Fireworks on Nassau Street

Incendiary reading celebrates 70 years of Princeton U. writing program
Tuesday, April 6, 2010

Highland Park is perfectly situated between two fine universities, with Rte. 27 similar to a great literary vein leading you to the finest modern writers. The afternoon readings at Princeton’s James M. Stewart '32 Theater has been pairing the likes of alumni poets Simon Armitage and Tony Hoagland, poet Maxine Kumin, and literary icon Joyce Carol Oates.

During the March reading, as the distinguished audience arrived in a spring rain, the sun seemed to be shining a little brighter on campus, lending a golden shine to the ivy covered buildings. It was no different for that afternoon’s hosts, the great American novelist Russell Banks and poet Chase Twitchell. Looking around you might be seated next to poet Alicia Ostriker; novelist Jean Hanff Korelitz and her husband, Pulitzer winning poet Paul Muldoon; or playwright Emily Mann, artistic director of the McCarter Theatre Center.

Twitchell took the stage to speak about putting together Horses Where The Answers Should Have Been, her collection published in 2010.

"I faced what I had done in the past," Twitchell said. "What poems would live and what would die.
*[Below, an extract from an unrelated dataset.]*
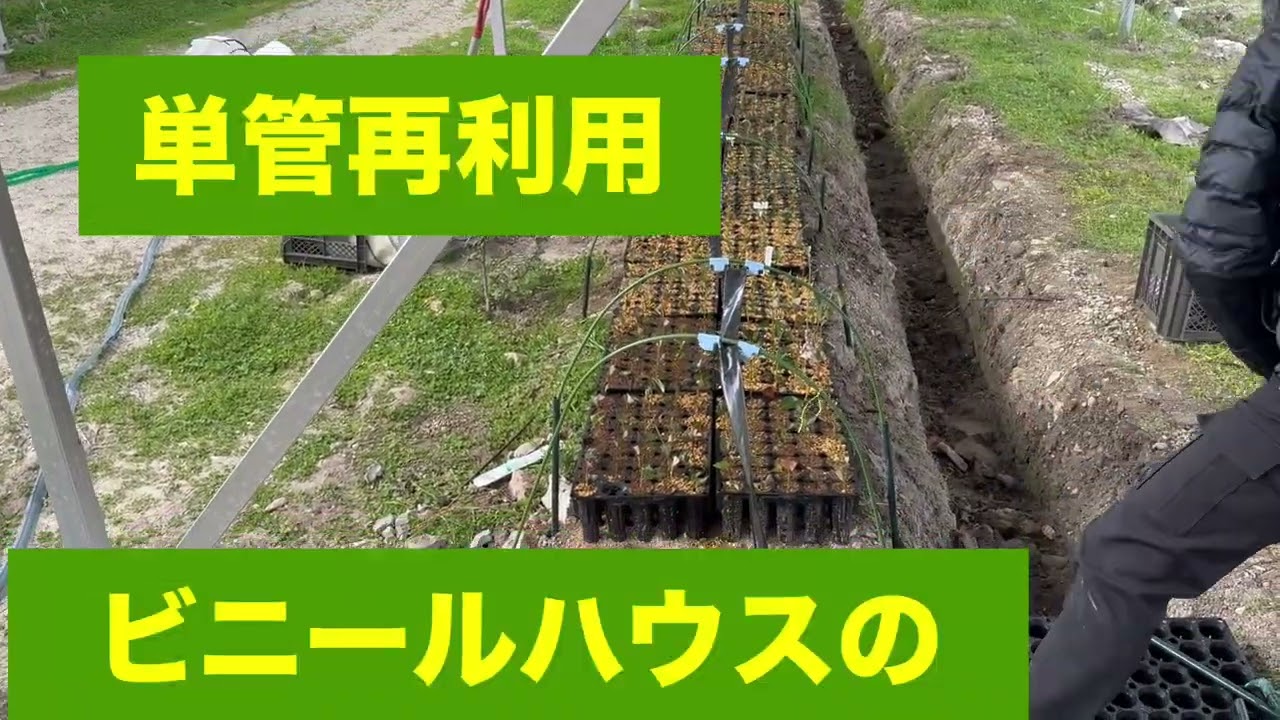 「強風で倒壊→トンネル化で復旧！暴風ネット＋自動散水」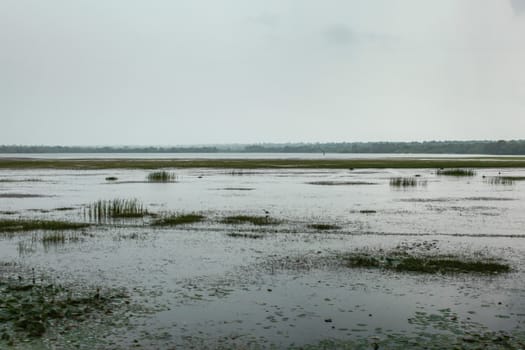 Swamps and lake on overcast day. Yala, Sri Lanka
Today I'll read all new poems.” Many of her poems focused on nightmare childhood experiences, especially girls left on their own in scary physical as well as psychological spaces.

One poem takes place in an old amusement park, once glamorous but now boarded up except a few rundown hotels where after hours, decades after the glamour faded, "Marked kids got shared."

One of her last poems proclaims, "Poetry is absurd, like building a birdcage with birds."

There was also a startling omission to the wel-tailored and manicured academic crowd: "I like watching trashy TV . . . my favorite show is CSI."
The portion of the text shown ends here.